**ABOUT THIS EXERCISE:**
Exactly reproduce the lines of the listing below from the one containing "Usuaris de l’R15: ‘El" through the one containing "1250 19th St, Beaumont, TX 77706". Skip the images.

**SOURCE MATERIAL:**
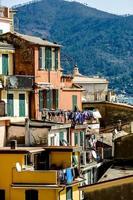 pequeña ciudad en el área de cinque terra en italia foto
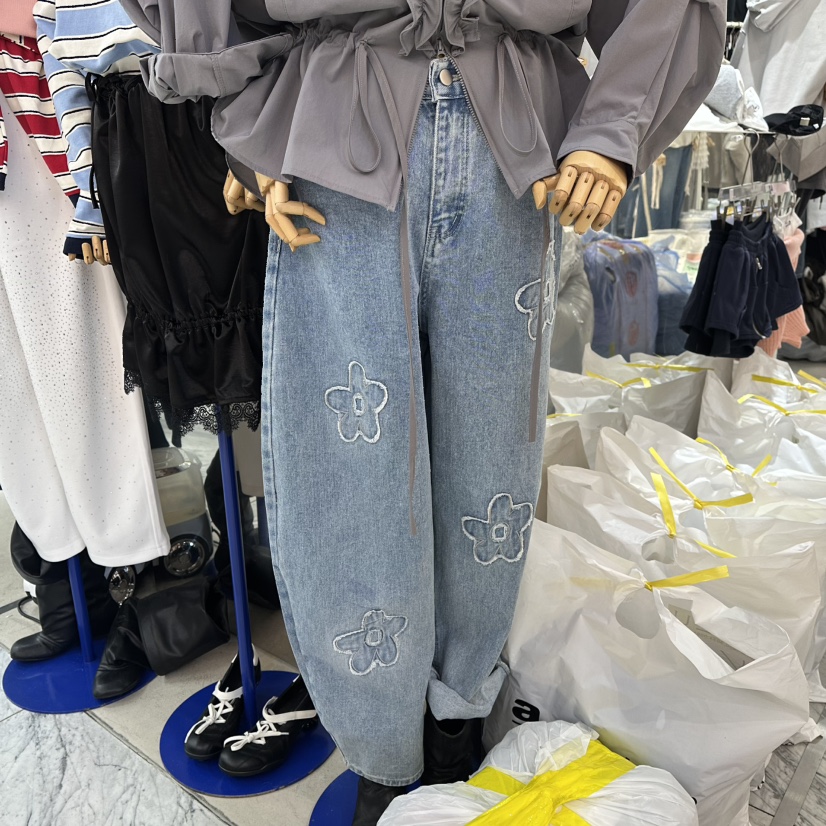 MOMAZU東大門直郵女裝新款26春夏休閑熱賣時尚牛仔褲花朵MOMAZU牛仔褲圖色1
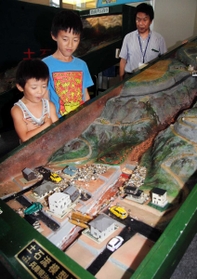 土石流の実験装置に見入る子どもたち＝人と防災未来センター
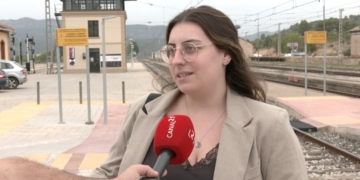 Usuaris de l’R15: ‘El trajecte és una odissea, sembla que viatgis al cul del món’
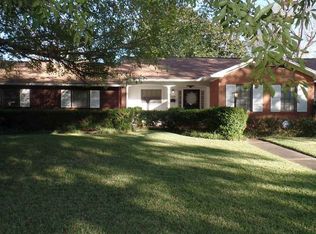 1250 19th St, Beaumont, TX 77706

---

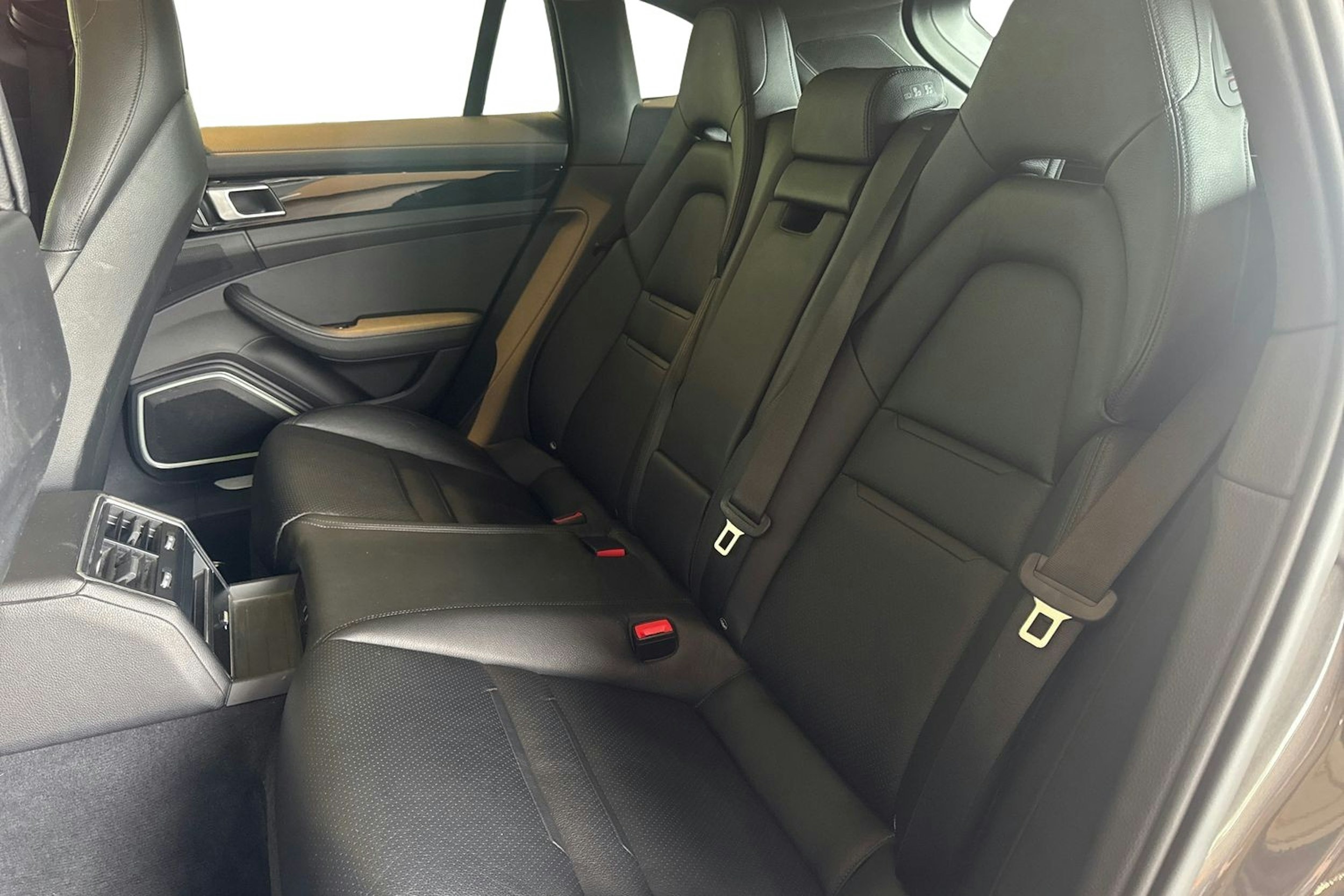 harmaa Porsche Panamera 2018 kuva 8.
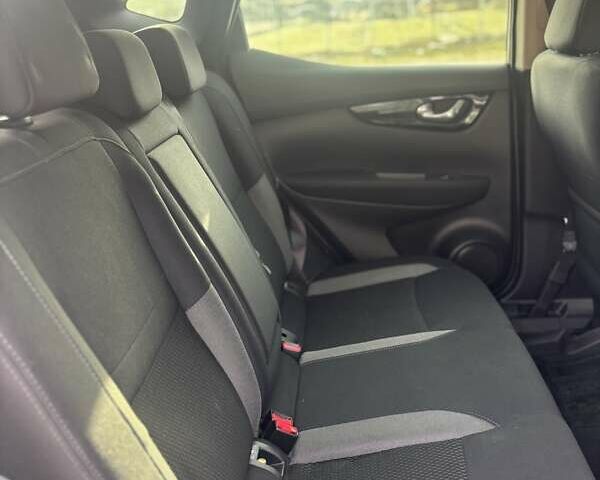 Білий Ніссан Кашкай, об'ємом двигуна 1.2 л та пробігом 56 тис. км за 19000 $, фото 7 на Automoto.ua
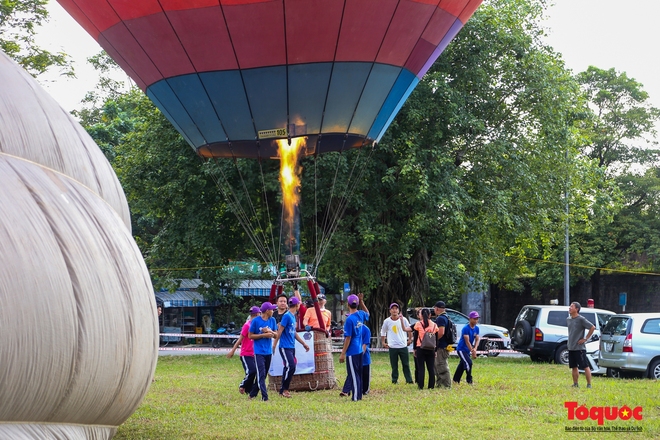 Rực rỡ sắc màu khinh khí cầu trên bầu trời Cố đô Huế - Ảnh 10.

**ANSWER BOX:**
 Usuaris de l’R15: ‘El trajecte és una odissea, sembla que viatgis al cul del món’
 1250 19th St, Beaumont, TX 77706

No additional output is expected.